L'80% degli atenei italiani scende nella classifica. Ecco i motivi
Le prime tre sono tutte private (e statunitensi): Harvard, ovviamente. E poi Mit e Stanford. Ai piedi del podio due istituti pubblici, questa volta inglesi: Cambridge e Oxford. Il Center for World University Rankings (Cwur) ha stilato la classifica Global 2000 delle migliori università al mondo.
Nella graduatoria l’Italia fatica a competere coi competitor internazionali: l’80% degli atenei italiani scende nella classifica. Tradotto: dieci università italiane migliorano rispetto allo scorso anno, tre mantengono la posizione, ben 53 scendono. Il principale fattore di declino è la performance nella ricerca, mentre cresce la concorrenza da parte di atenei ben finanziati. L’ateneo che guida i 66 presenti in classifica? La Sapienza di Roma (che comunque perde una posizione) al 125esimo posto.

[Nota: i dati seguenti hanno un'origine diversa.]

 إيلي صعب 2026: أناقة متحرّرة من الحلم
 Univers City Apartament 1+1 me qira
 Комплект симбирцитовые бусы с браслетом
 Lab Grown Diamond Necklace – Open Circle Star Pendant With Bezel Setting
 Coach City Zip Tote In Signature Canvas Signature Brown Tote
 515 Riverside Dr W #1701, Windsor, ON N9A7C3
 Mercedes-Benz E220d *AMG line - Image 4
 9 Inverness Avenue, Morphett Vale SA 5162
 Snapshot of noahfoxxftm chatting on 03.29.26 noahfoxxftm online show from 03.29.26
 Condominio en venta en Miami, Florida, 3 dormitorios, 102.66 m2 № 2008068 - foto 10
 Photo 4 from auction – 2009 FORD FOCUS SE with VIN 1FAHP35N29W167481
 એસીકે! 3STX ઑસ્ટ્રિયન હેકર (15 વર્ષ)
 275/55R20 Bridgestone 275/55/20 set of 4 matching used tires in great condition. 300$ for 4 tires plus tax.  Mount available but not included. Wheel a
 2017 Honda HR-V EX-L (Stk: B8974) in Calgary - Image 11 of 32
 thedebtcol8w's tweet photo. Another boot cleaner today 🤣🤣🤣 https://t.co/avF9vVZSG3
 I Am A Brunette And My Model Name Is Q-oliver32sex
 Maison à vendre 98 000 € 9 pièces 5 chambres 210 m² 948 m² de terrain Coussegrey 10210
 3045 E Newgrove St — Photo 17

L’ALLARME ITALIANO – A seguire, chi troviamo? L’Università di Padova perde cinque posizioni, attestandosi al 178esimo posto, mentre l’Università di Milano scende di cinque posizioni (191esima), davanti all’Università di Bologna (204), e all’Università di Torino (242). La top ten italiana è completata dall’Università di Napoli Federico II (243), dall’Università di Firenze (274), dall’Università di Genova (286), dall’Università di Pisa (288) e dall’Università di Pavia (327). Commentando la situazione italiana, Nadim Mahassen, presidente del Center for World University Rankings, osserva: “Ciò che è allarmante è il declino delle istituzioni accademiche nazionali dovuto all’indebolimento delle prestazioni della ricerca e allo scarso sostegno finanziario da parte del governo. Mentre diversi paesi pongono lo sviluppo dell’istruzione e della scienza in cima alla loro agenda, l’Italia fatica a tenere il passo. Senza finanziamenti più consistenti e una pianificazione strategica più solida, l’Italia rischia di rimanere ulteriormente indietro nel panorama accademico globale in rapida evoluzione”.
LA CLASSIFICA – Cwur ha analizzato 74 milioni di dati basati sui risultati per classificare le università di tutto il mondo in base a quattro fattori: qualità dell’istruzione (25%), occupabilità (25%), qualità del corpo docente (10%) e ricerca (40%). Quest’anno sono state classificate 21.462 università e quelle che si sono classificate al primo posto sono entrate nella lista Global 2000, che include istituzioni di 94 Paesi. Per il quattordicesimo anno consecutivo, come detto è Harvard la migliore. Gli Stati Uniti, nonostante si aggiudichino otto delle prime dieci posizioni, faticano a mantenere la loro preminenza a livello mondiale. Nella classifica Global 2000, solo 40 università statunitensi hanno migliorato la propria posizione rispetto al 2024, con 15 che hanno mantenuto la posizione e 264 scese in classifica.
La migliore università pubblica statunitense è Berkeley, al dodicesimo posto a livello mondiale, un posto dietro al Caltech (il California Institute of Technology). Nel complesso, gli Stati Uniti sono il secondo paese più rappresentato nella classifica Global 2000 con 319 rappresentanti, dieci in meno rispetto allo scorso anno. Il Canada conta 38 istituzioni in classifica, guidate dall’Università di Toronto al numero 23. “Sebbene gli Stati Uniti vantino ancora le migliori università al mondo – commenta Mahassen – il declino della stragrande maggioranza dei suoi istituti di istruzione superiore dovrebbe preoccupare la Segretaria all’Istruzione statunitense Linda McMahon e l’intera amministrazione Trump.
In un momento in cui le università cinesi stanno raccogliendo i frutti di anni di generoso sostegno finanziario da parte del loro governo, le istituzioni americane sono alle prese con tagli ai finanziamenti federali e controversie sulla libertà accademica e sulla libertà di parola. Con gli Stati Uniti superati dalla Cina come Paese con il maggior numero di rappresentanti in classifica, la loro reputazione nel settore dell’istruzione superiore globale è seriamente minacciata”. Mahassen mette in guardia: “il forte declino delle università statunitensi è parallelo a quello degli atenei in Giappone, Francia e Germania, mentre le università britanniche e russe hanno avuto risultati solo leggermente migliori. Con la straordinaria ascesa delle istituzioni cinesi, le università del mondo occidentale non possono permettersi di rimanere a guardare e dormire sugli allori”.